Now what? The latest on Brexit and last night's parliamentary vote

Confused about what's happening in the UK? Here's the latest on Brexit, as well as what last night's parliamentary vote actually means

Boris Johnson has just lost a significant vote in parliament – not to mention the support of more than a dozen fellow-Tories.

British MPs were asked to vote on whether or not to ‘take control of the agenda’. If they voted in favour, it would mean the Brexit date could be pushed back from October 31 to January 31, allowing additional time to form a deal with Europe.

Prime Minister Boris Johnson warned the MPs against this course of action; with threats they would lose themselves the party whip. He also threatened a snap general election; insisting he will not extend the date of Brexit, whether there’s a deal or not.


When it came down to it, the MPs voted 328 to 301 to take control of the agenda. This included 21 Tory MPs (members of Jonhson's own Conservative Party), who are now being referred to as the 'Tory Rebels'.

What's next?

Those who rebelled against the government will now be expelled from the party.

While these rebels have effectively sacrificed their political careers, they did so for an important reason. Speaking to BBC Newsnight after the vote, 'Tory Rebel' Ken Clarke said he no longer recognised his party; adding how the cabinet was more "right-wing" than ever before.

Now, as MPs have taken control of the agenda, they will strive to pass ‘Benn’s bill’ by Friday, which will force a Brexit extension.
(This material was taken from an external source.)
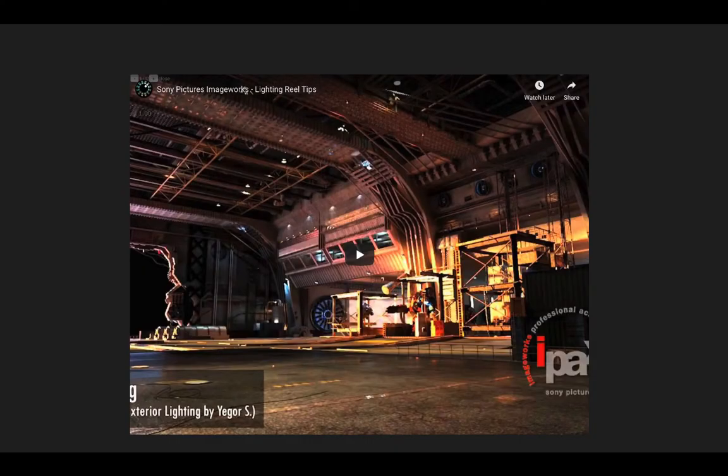I've also included one last video in the slides — a quick talk by Sony Pictures Imageworks about what they look for in a reel, and you should find that a lot of it sounds familiar from the talks we've been through. Thanks for listening and the very best of luck putting together your portfolio.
They also have the option to approve a ‘no-deal Brexit' by October 19. Both options will be debated in Parliament today.

However, Boris Johnson said he will not, under any circumstances, accept Benn's bill. He said if MPs vote to pass the bill, effectively delaying Brexit, he will seek to hold a snap general election in October.

"I don’t want an election. The public doesn’t want an election. But if the House votes for this bill tomorrow, the public will have to choose who goes to Brussels on October 17 to sort this out and take this country forward," Johnson said.


For a general election to go ahead, Johnson must have the backing of at least two-thirds of MPs. At present, with his own party already turning against him, it's uncertain whether this will go ahead.


Boris Johnson did not win enough support from MPs for a general election to go ahead (not in the immediate future, at any rate). This comes as another blow to the newly promoted prime minister.

What’s more, his brother, Jo Johnson, has just announced he is stepping down from his post as an MP. Jo Johnson said, "In recent weeks I’ve been torn between family loyalty and the national interest – it’s an unresolvable tension".